Comentaba Lewis que si un día fuéramos a un país africano, por decir algún sitio, y observábamos que cada día se realizaba un espectáculo en el que sobre la tarima se exhibía un pedazo de carne, ponga usted un buen entrecôte, y la gente acudía en masa y se entusiasmaba cada vez que el presentador mostraba la vianda, pensaríamos, sin duda que allí nadie comía carne. Sólo por esa razón tendría sentido que, día tras día, se llevara a cabo esa muestra.

En nuestro país, del que quizás Lewis nunca habló, sucede un caso análogo. A la gente le gusta hablar de sexo.
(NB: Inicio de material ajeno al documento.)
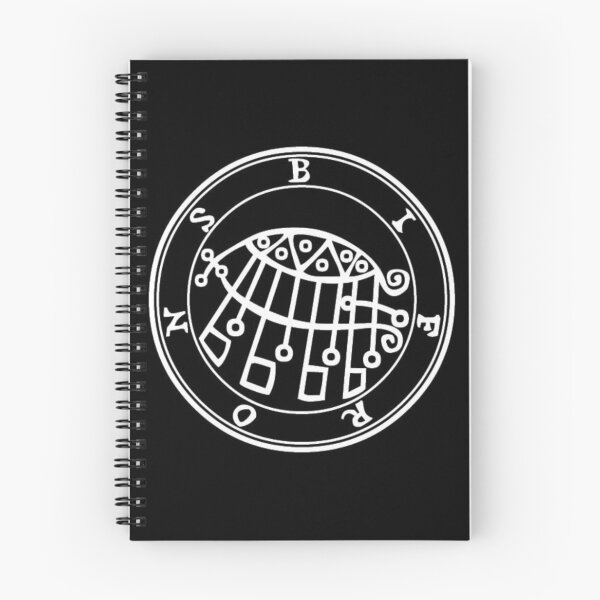 Item preview, Demon Bifrons Seal designed and sold by Talismania.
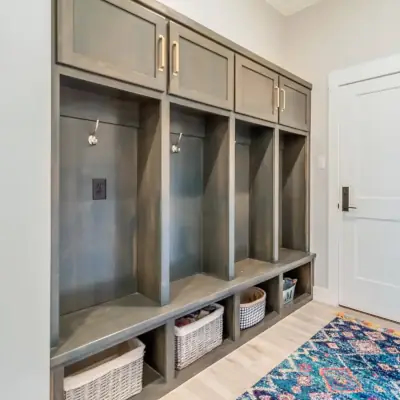 Mudroom Closets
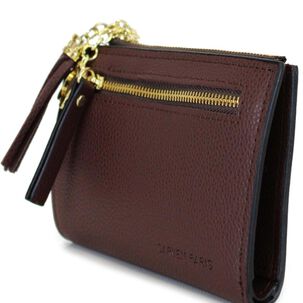Billetera De Mujer Colette Café Carven
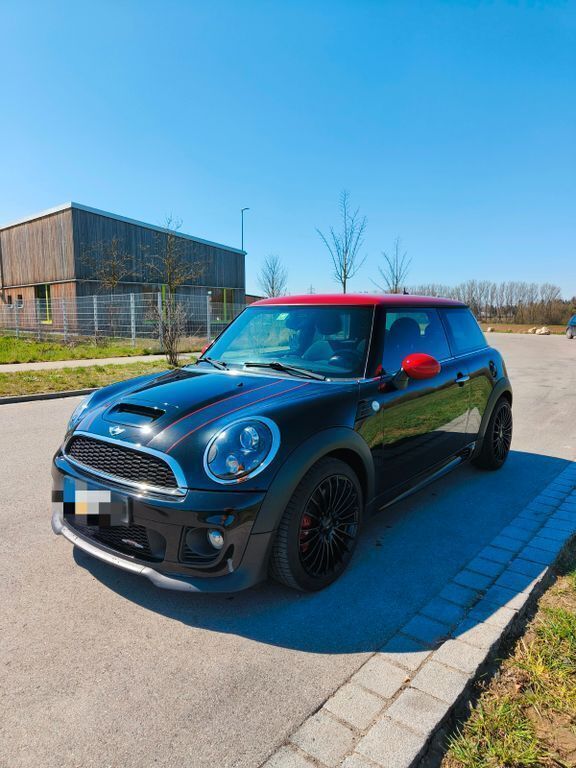Schwarz Gebraucht 2012 Mini John Cooper Works Kleinwagen | 12.500 € (Guter Preis) - Bild 1/4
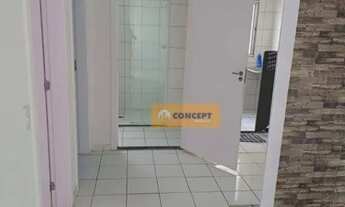 Imagem 6: Apartamento com 2 dormitórios, 50 m² - venda por R$ 170.000,00 ou aluguel por R$ 1.560,00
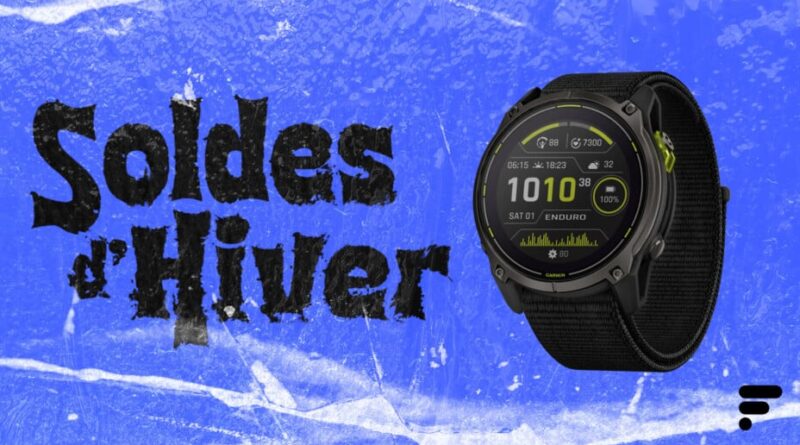 Garmin Enduro 3 : boussole d’endurance à -110 € en soldes d’hiver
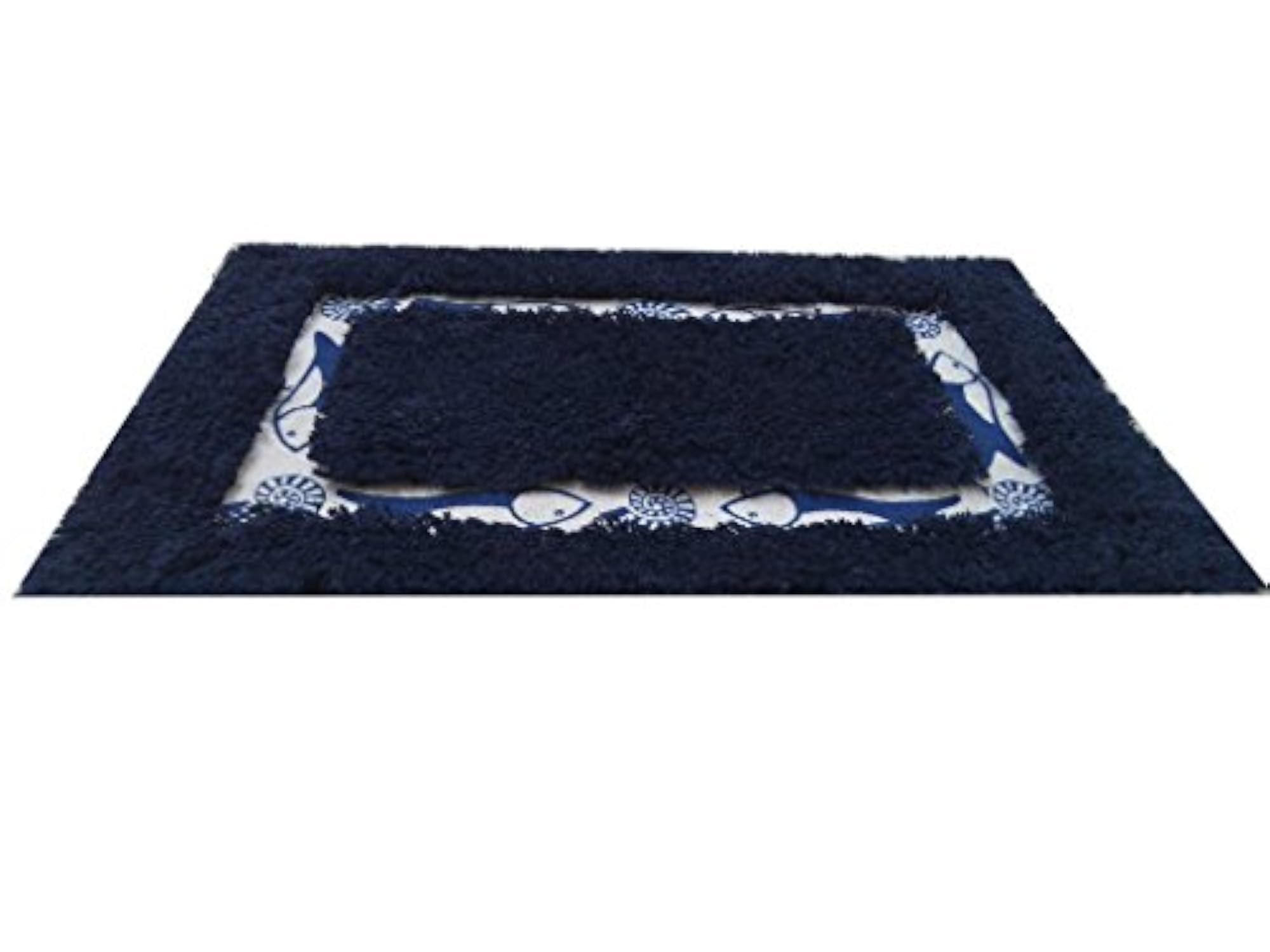 Combo Pack of 2 Bathmats, Soft and Absorbent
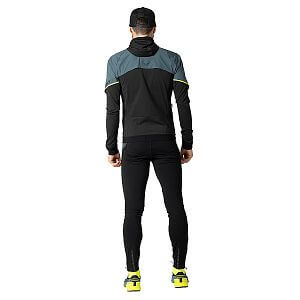Dynafit Alpine Hybrid JKT M cinder pánská běžecká hybridní bunda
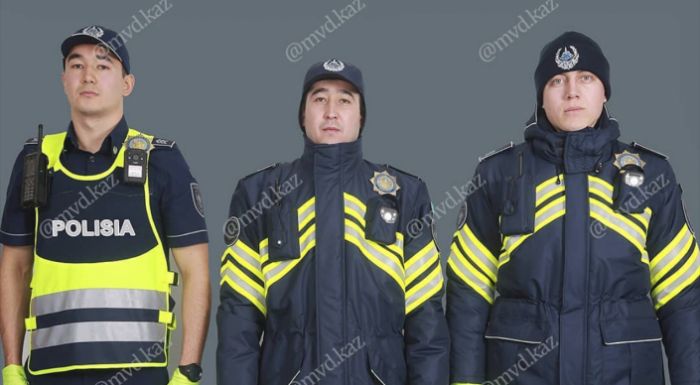 Реформа МВД: Представлен рабочий вариант новой формы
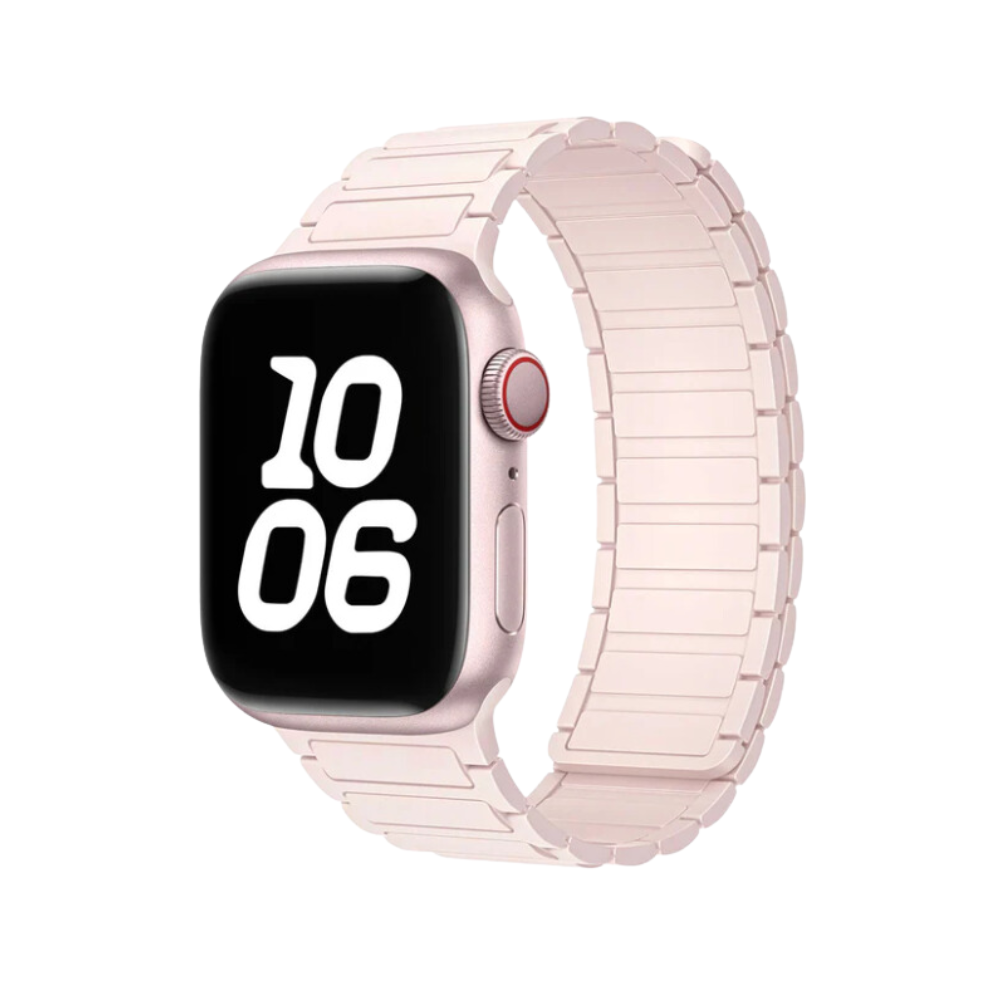 A|P Magnetisk Silikone Rem Til Apple Watch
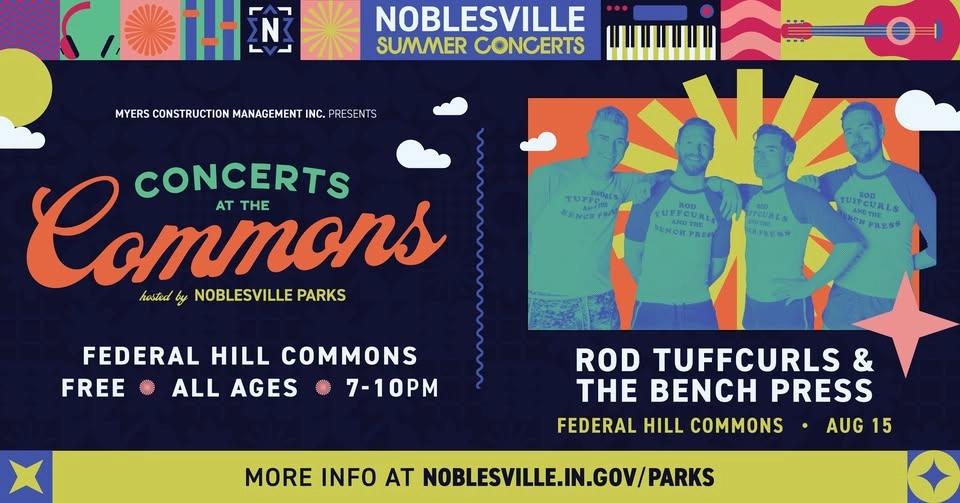 Concert at the Commons: Rod Tuffcurls and The Bench Press with opener The Rekt Band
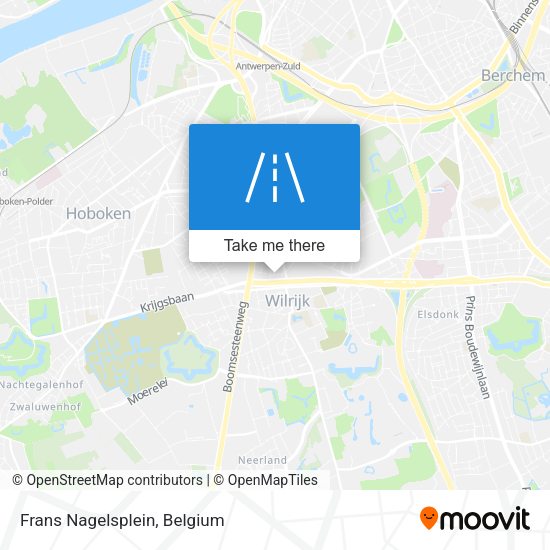 Frans Nagelsplein plan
Desde hace unos años se pusieron de moda programas televisivos en los que supuestamente se iba a enseñar a los españoles todo lo que no sabían sobre tan relevante faceta humana. Lo cierto es que basta ver la cara de los presentadores para darse cuenta de que lo que dicen no puede hacer feliz a nadie. Con todo, el tema se las trae y por muchos motivos. El impulso sexual es muy grande en el ser humano. Ha sido puesto por Dios con la doble finalidad de procrear y expresar el amor matrimonial. Siendo una cosa buena, como consecuencia del pecado original, puede desordenarse fácilmente. Con la excusa de que no somos de piedra (tampoco de goma, por cierto), parece que todo está bien. El problema viene de lejos y, ciertamente, sin la ayuda de la gracia no tenemos dónde ir. Aunque la razón indica lo que es justo en materia de sexo, el entendimiento se ofusca fácilmente cuando se entremeten las pasiones y, no pocas veces, el instinto gobierna.

En el Evangelio de hoy, que forma parte de ese gran discurso en el que Jesús resitúa la moral del Antiguo Testamento, se nos recuerda que el divorcio es contrario al plan de Dios y también el mirar a la mujer de otro con deseo impuro. La moral católica, con acierto, señala que todos los pecados contra el sexto y el noveno mandamiento son graves. No hace falta adulterar para pecar, basta con tener pensamientos o deseos impuros y consentir en ellos. La sexualidad, que es un bien, puede convertirse en una dificultad para la vida cristiana si no se vive rectamente. Por eso hay que invocar la protección de Dios y de la Virgen para que nos mantenga el corazón puro. Porque la sexualidad sólo se cumple perfectamente si queda ordenada por el amor, ya sea en el matrimonio, ya en una consagración especial. Los que por cualquier causa no se encuentran en uno de los dos grupos también han de pedir al Señor que les ilustre para vivir bien la castidad.

Sucede que mientras a los impúdicos no les molesta hablar de sexo a todas horas, y nos llenan de imágenes inmorales en la televisión, los diarios y las pancartas publicitarias, a los cristianos nos toca afrontar este tema. Hay que hablar de sexo, para mostrar su belleza y su sentido en el plan de Dios. Sería absurdo que en la formación de los jóvenes y adultos soslayáramos este tema con el pretexto de que es resbaladizo. Hay que formarse bien en materia sexual según la doctrina de la Iglesia, que especifica las magníficas enseñanzas que Jesús nos propone en el Evangelio de este día.

Que María, Madre del Amor Hermoso, nos ayude a llevar una vida casta.